All lines in the records below from the line with "Used 2022 Ford" through the line with "Appartamento Dulce Vida" are to be given again exactly, both ends included; the pictures are to be left out.

» Provided information:
= Beginning of Section =

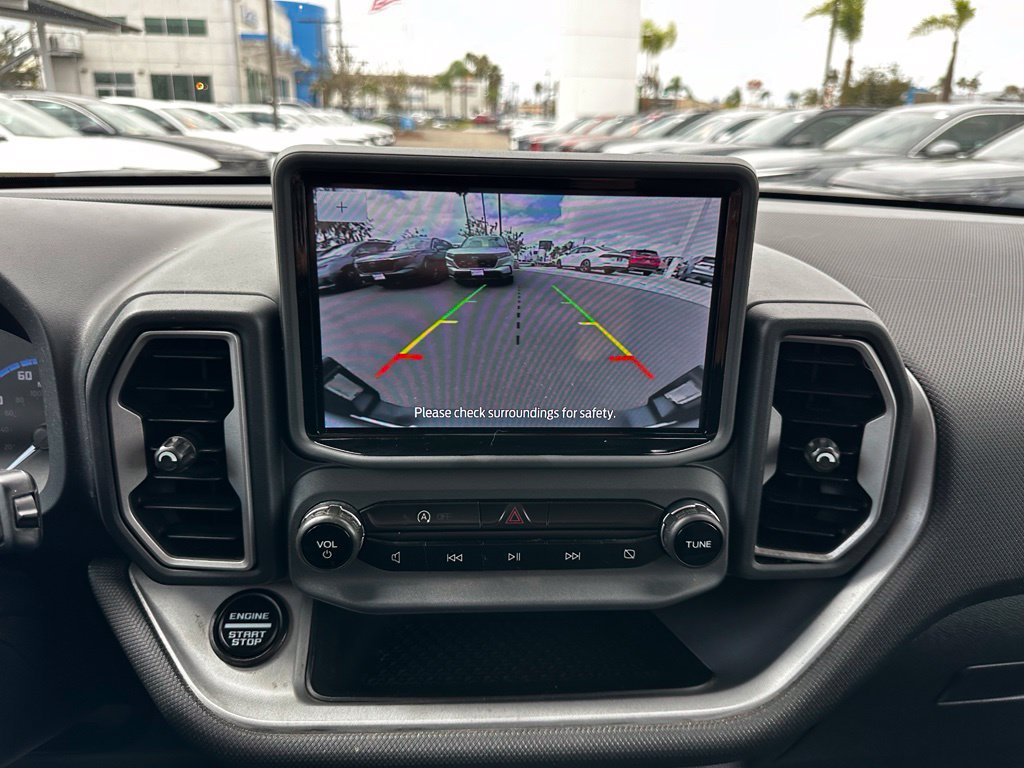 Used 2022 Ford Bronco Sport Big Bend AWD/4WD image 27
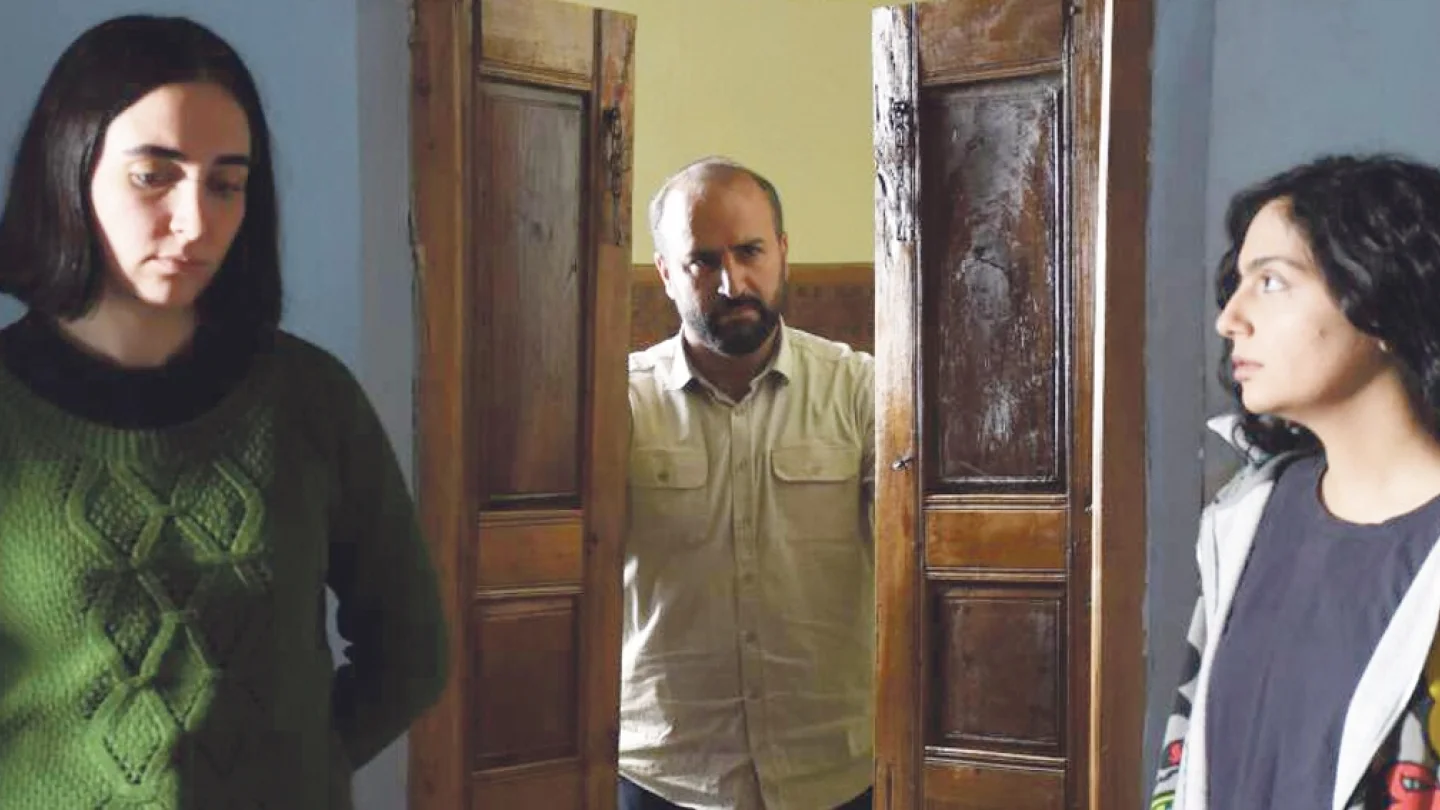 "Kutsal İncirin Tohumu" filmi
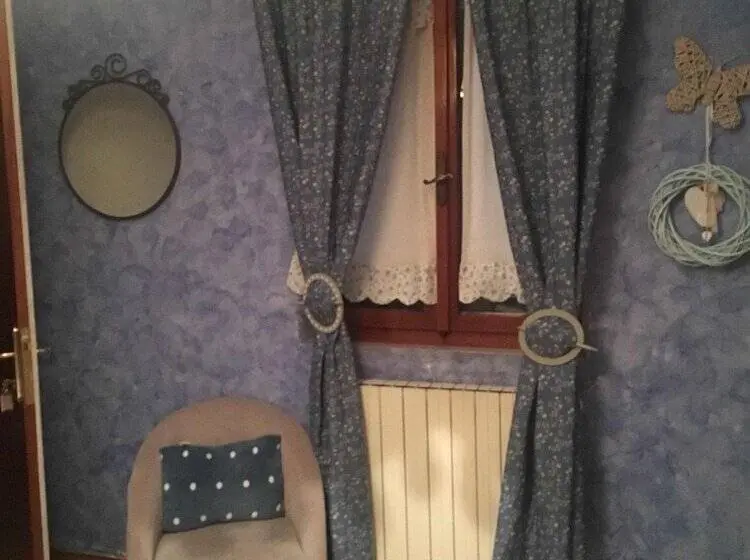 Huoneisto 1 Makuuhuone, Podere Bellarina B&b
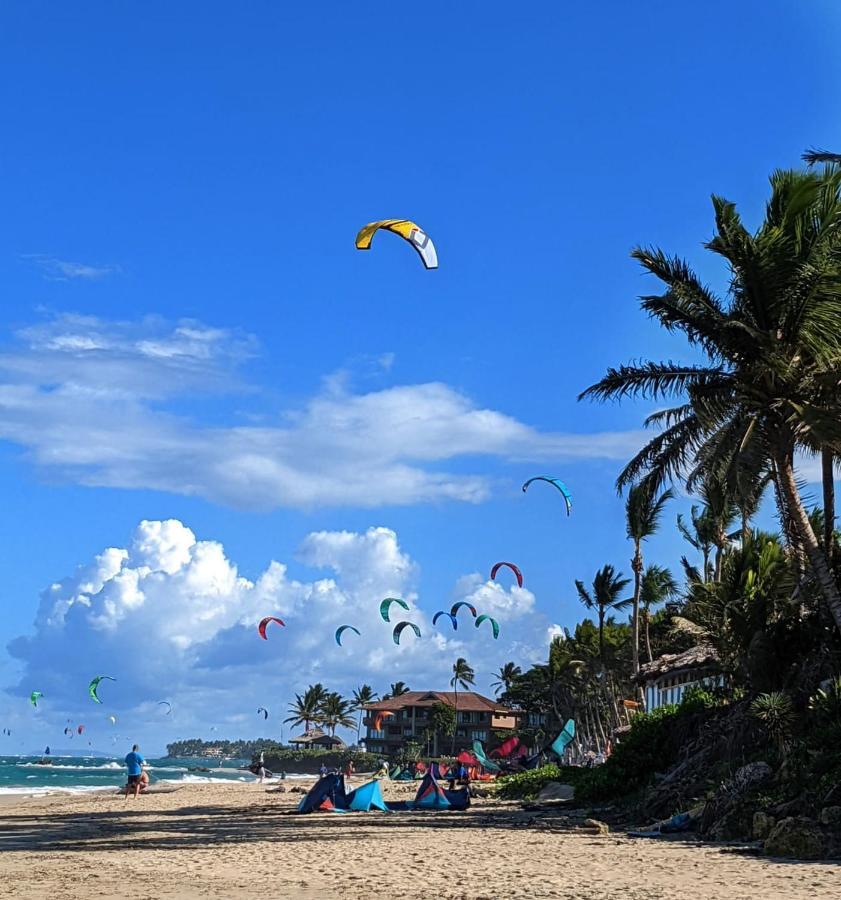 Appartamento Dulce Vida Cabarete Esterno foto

= End of Section =
= Beginning of Section =

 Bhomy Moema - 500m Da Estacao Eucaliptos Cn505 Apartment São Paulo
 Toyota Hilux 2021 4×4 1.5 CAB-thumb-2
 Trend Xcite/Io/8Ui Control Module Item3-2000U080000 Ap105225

= End of Section =
= Beginning of Section =

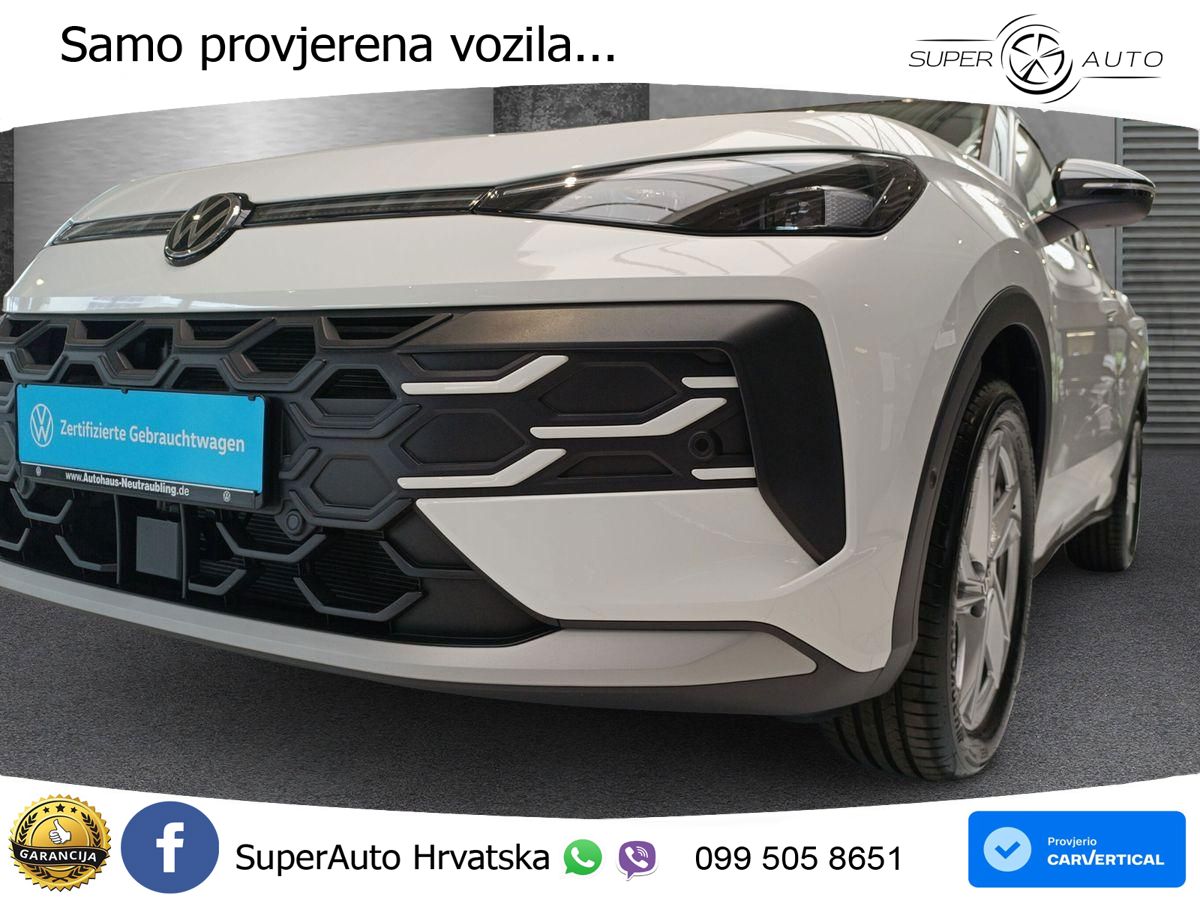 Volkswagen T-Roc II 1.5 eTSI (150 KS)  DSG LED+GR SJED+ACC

= End of Section =

» Result of the exercise:
 Used 2022 Ford Bronco Sport Big Bend AWD/4WD image 27
 "Kutsal İncirin Tohumu" filmi
 Huoneisto 1 Makuuhuone, Podere Bellarina B&b
 Appartamento Dulce Vida Cabarete Esterno foto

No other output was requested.